Wednesday, November 12, 2008

nothing left

i know this may have taken some time, but my dad came home that night and didn't come out of his office. right now i am in class, we are supposed to be doing some spreadsheet project but that stuff doesn't matter any more.

i don't want to let out my name, you can call me FI or by my user name, if you really know who i am then it may be trouble for you, or if i really know you.

as i said in the first one there are monsters out there. but lately as i have been studying, there are monsters in us too. all dormit and waiting for their moment to strike, it shows our dark side. it shows what we really want to hide.

my best friend, his monster came out the other night. i should have mentioned him first but the shock.....oh, god he's watching me from across the room. i think he somehow knows i am writing about him. he hurt somebody very close to both of us, i walked in on them as he pounced. both their eyes gleamed with animal insanity. i screamed, and both of them looked at me....the animal faded from their eyes as they saw me.

he reached out for me and i just had to run. the next day at lunch he tried to talk to me, he tried to explain, but i was a coward and i refused to listen. i never wanted to be weak, i need to be strong.

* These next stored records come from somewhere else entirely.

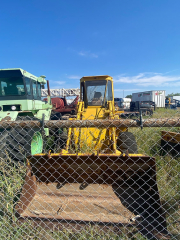 1985 Kobelco Loader 2 yard bucket 3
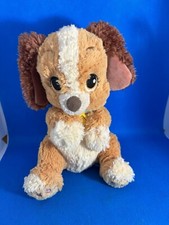 Authentic Disney Store Lady From Lady And The Tramp 12 Inch Plush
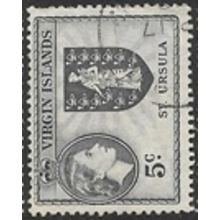 1956/1962 SG 154 - fine used (o)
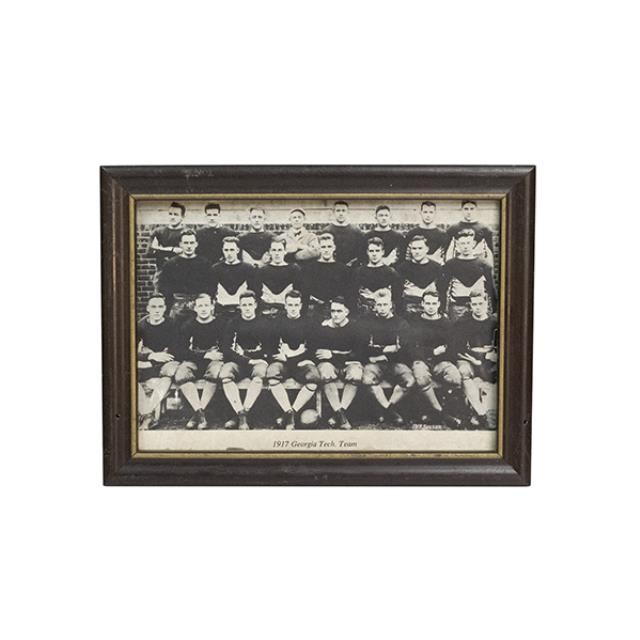 PRINT-Vintage Photo of Georgia Tech Football Team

another person died this week, i knew that person held a key. he's still watching me, but he bowed his head then looked back at me with pain in his eyes. before he whispered something to me.

'i know you have a key.'

-FI

Friday, November 7, 2008

hi hi a thousand times

It's weird, i can't be normal. never have been for that matter. sorry if none of this is really capitalized but i'm in a hurry. any minute dad could come into his office- where i am banned from- and kick me off. who i am is not important, and somethings i say aren't either....but if you get the main point then you are gold.

there are bad people out there. i know a lot of them, more than there are in my small town. they want something from us. they need something, they need the key. the key is hidden....someplace where they will never find it.

few know where the key is....the knowledge will be born into them.....they can save everything. please if you know the secrets, dont tell a soul. our world is in your hands, the millions of lives....dont sentence them to a death not even you can comprehend.

damn, my dad's coming. i'll write back as soon as possible. please, it is our world at risk. some are the key, they know what to do.